» **What you should do**
Where a line in the records below includes "tool", pull that line out.

::::::

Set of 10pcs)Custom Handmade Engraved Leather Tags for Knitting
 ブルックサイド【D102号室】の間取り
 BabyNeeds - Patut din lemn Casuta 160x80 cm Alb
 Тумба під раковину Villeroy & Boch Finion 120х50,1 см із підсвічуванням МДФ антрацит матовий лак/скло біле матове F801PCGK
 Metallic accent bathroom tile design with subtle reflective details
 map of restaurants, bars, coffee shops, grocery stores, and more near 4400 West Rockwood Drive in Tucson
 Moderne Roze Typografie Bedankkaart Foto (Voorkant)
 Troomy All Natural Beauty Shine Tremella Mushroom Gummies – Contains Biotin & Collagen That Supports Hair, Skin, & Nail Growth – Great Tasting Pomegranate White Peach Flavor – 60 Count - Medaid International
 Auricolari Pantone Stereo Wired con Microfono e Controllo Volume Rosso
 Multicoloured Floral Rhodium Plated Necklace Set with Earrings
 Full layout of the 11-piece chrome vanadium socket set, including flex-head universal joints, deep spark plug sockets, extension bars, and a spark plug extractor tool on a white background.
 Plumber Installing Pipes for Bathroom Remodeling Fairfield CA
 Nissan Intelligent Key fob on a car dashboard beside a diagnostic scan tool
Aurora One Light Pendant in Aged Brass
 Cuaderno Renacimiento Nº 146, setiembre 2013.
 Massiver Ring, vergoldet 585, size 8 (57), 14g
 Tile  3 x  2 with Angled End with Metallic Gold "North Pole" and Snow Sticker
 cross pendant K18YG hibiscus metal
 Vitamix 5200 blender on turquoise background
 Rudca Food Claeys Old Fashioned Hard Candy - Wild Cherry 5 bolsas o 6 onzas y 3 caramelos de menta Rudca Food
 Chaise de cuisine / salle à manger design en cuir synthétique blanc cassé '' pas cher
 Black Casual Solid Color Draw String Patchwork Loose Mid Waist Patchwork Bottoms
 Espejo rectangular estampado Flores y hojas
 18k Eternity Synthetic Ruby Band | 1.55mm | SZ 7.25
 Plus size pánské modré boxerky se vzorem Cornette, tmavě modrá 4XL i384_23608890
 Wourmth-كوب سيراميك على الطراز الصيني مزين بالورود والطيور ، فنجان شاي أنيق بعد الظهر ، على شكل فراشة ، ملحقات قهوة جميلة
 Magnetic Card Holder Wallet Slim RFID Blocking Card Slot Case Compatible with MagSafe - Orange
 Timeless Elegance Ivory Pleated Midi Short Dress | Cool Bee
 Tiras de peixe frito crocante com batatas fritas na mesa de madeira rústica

::::::

» **Result below**
 Full layout of the 11-piece chrome vanadium socket set, including flex-head universal joints, deep spark plug sockets, extension bars, and a spark plug extractor tool on a white background.
 Nissan Intelligent Key fob on a car dashboard beside a diagnostic scan tool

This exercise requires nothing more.